Problem description: Required from the data below: the exact lines starting at the line containing "GRV-EPIC-PSPT: Power Adapter, Pass" and ending at the line containing "Hoàng Tử Ếch", with both ends kept and all pictures dropped.

Given entries:

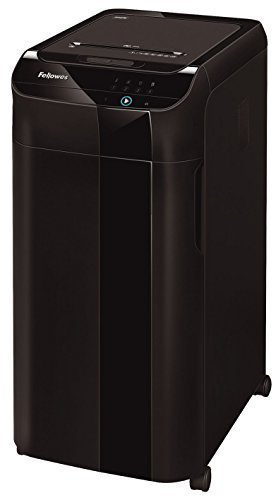 Preisvergleich Produktbild Fellowes AutoMax 350C, 4964101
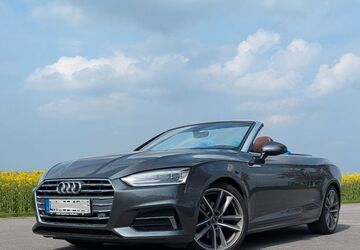 Audi A5 93.500 km 24.500 &euro; Düsseldorf 40477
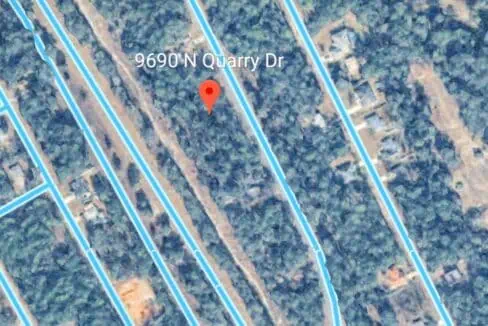 9690 N Quarry Dr Citrus Springs Fl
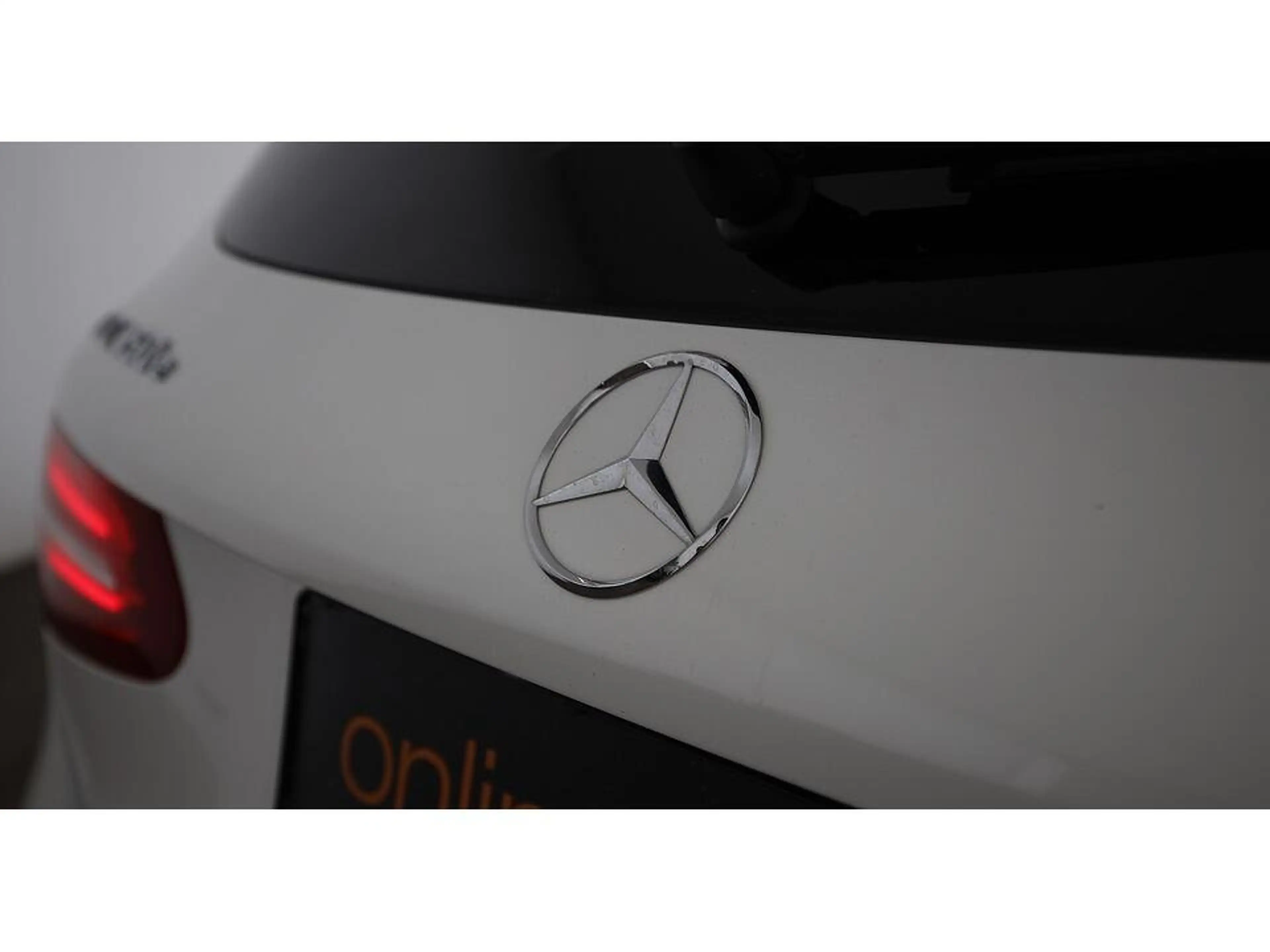 Mercedes-Benz GLC 350 e 4Matic AMG-Line Aut LED 360-CAM AHK — photo 9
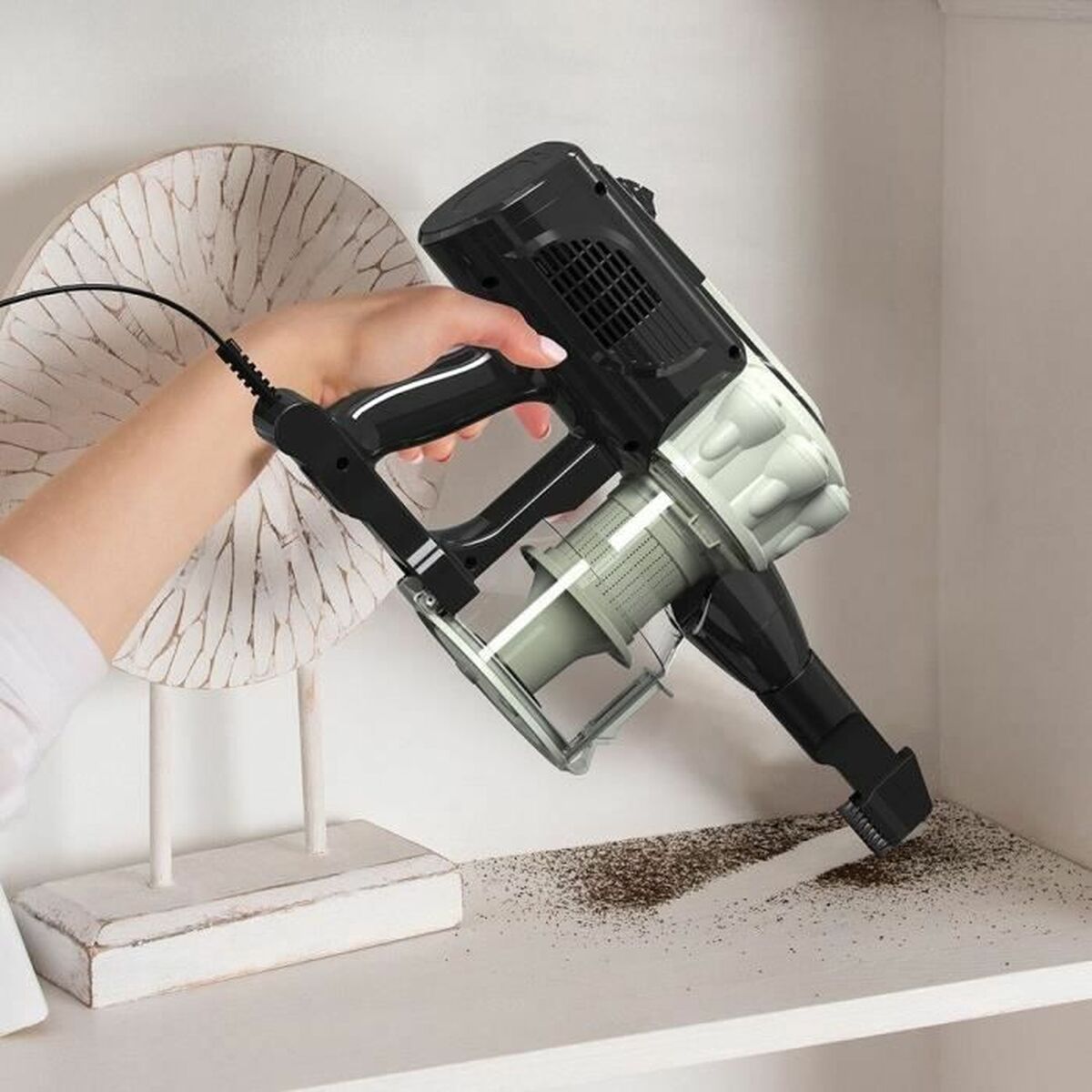 Scopa Elettrica Livoo - Image 5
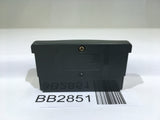 BB2851 Crash Bandicoot 2 N-Tranced GameBoy Advance Japan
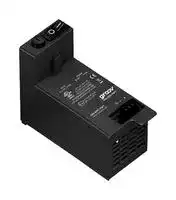 GRV-EPIC-PSPT: Power Adapter, Pass Through, groov EPIC Series PLCs, 11.4 to 12.6 Vdc, 9 A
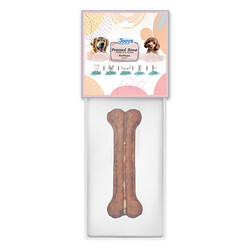 Jooys Barbekü Soslu Pres Kemik 22 Cm - Tekli Paket - Jooys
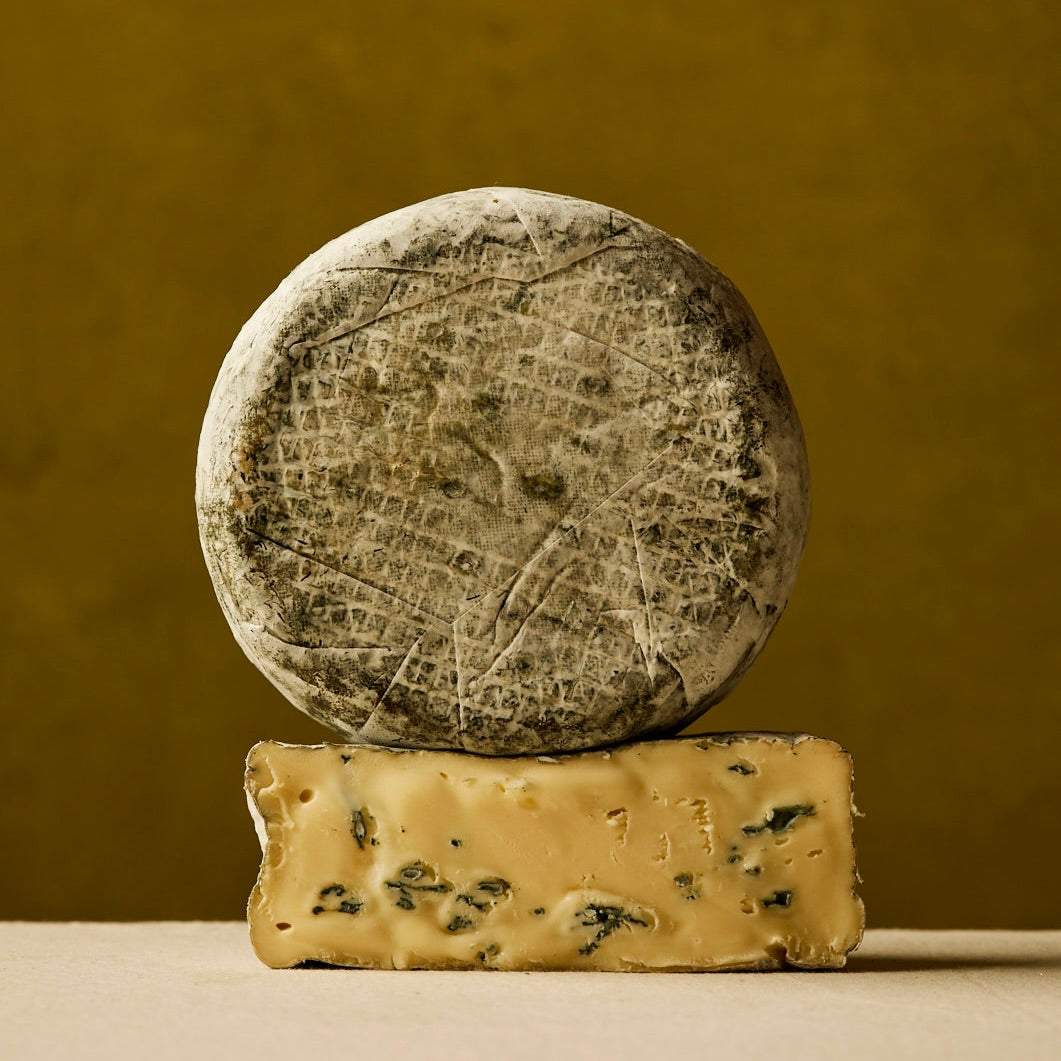 Hulla Baloo fromage bleu vache 300g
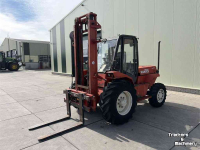 Rough terrain Forklift Manitou M 426 CP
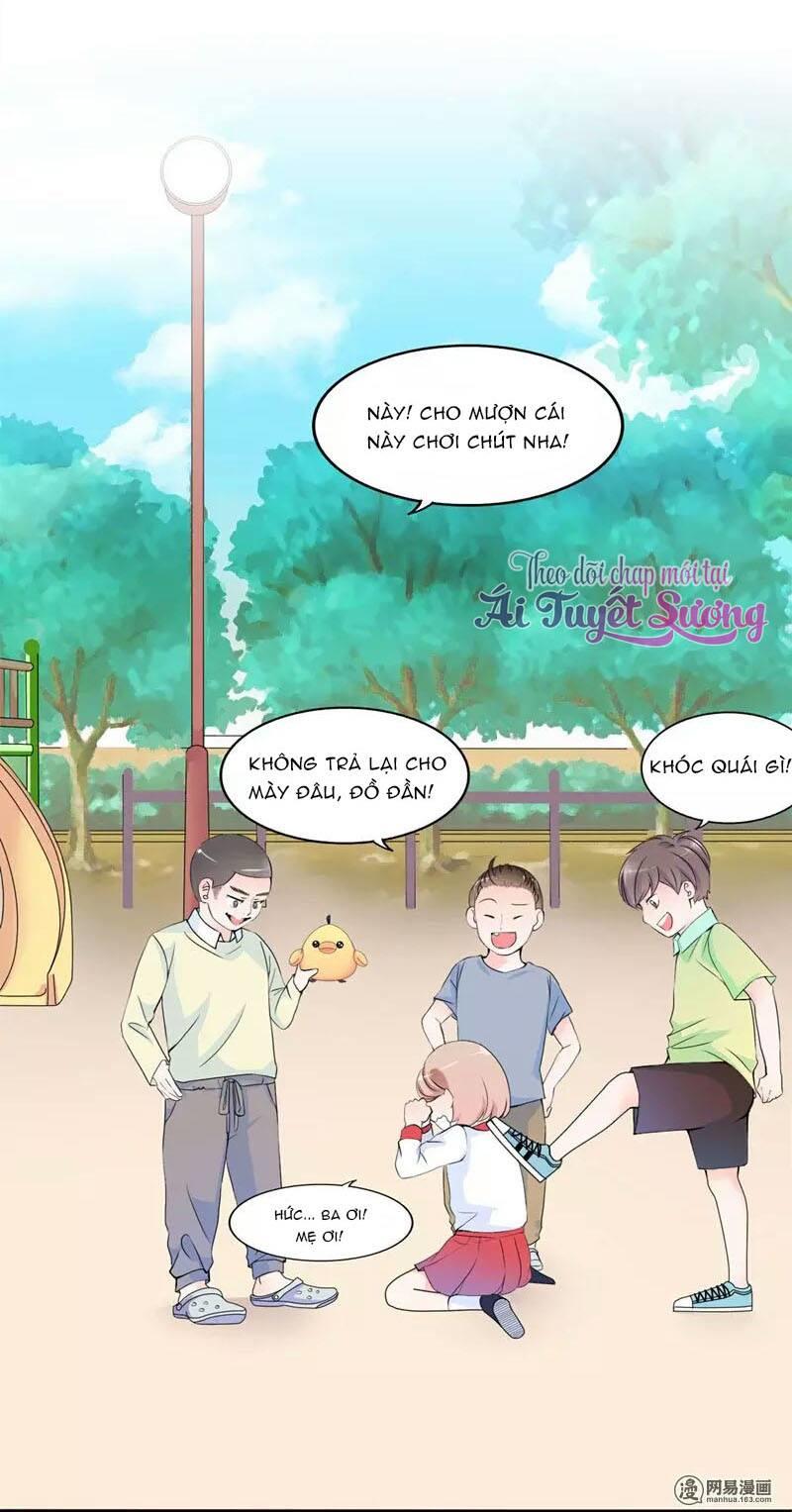 Hoàng Tử Ếch Mau Tránh Ra Chapter 7.2 - Trang 2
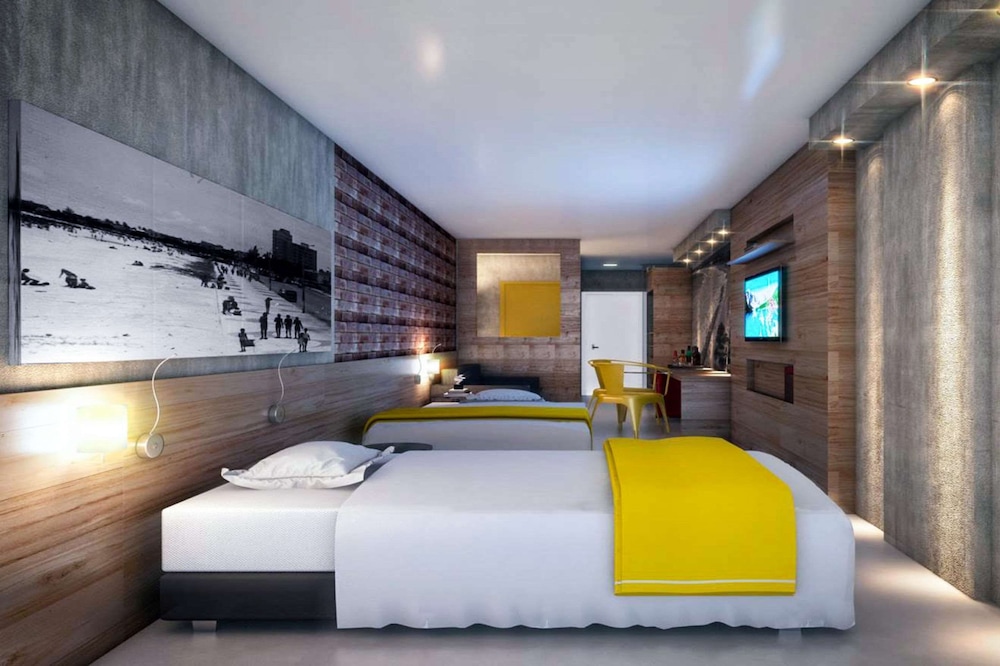 Comfort Hotel Maceio 7/29
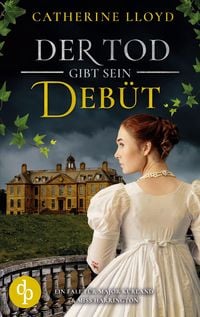 Produktbild: Der Tod gibt sein Deb&uuml;t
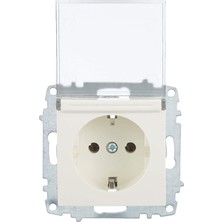 Zena Mek.krem Kap.top.priz (3ADET) Elbi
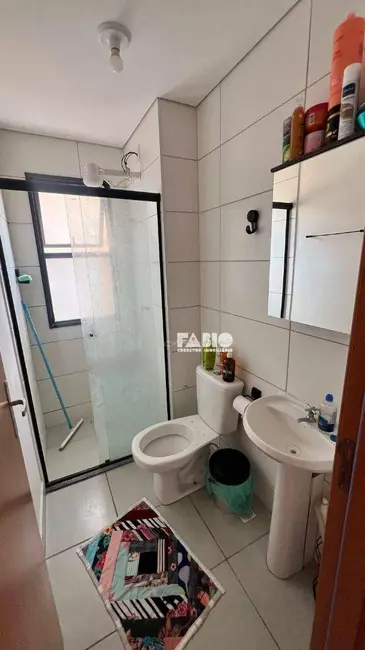 Foto 2 de Apartamento com 2 quartos à venda, 50m2 em Jardim Bianco, Sao Jose Do Rio Preto - SP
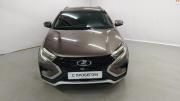 Lada (ВАЗ) Vesta I Рестайлинг (NG) Москва  - изображение 19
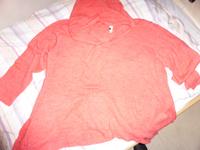 Tredy Wollpullover grobstrick pink Gr.48 50 Nordrhein-Westfalen - Siegburg Vorschau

Solution:
 GRV-EPIC-PSPT: Power Adapter, Pass Through, groov EPIC Series PLCs, 11.4 to 12.6 Vdc, 9 A
 Jooys Barbekü Soslu Pres Kemik 22 Cm - Tekli Paket - Jooys
 Hulla Baloo fromage bleu vache 300g
 Rough terrain Forklift Manitou M 426 CP
 Hoàng Tử Ếch Mau Tránh Ra Chapter 7.2 - Trang 2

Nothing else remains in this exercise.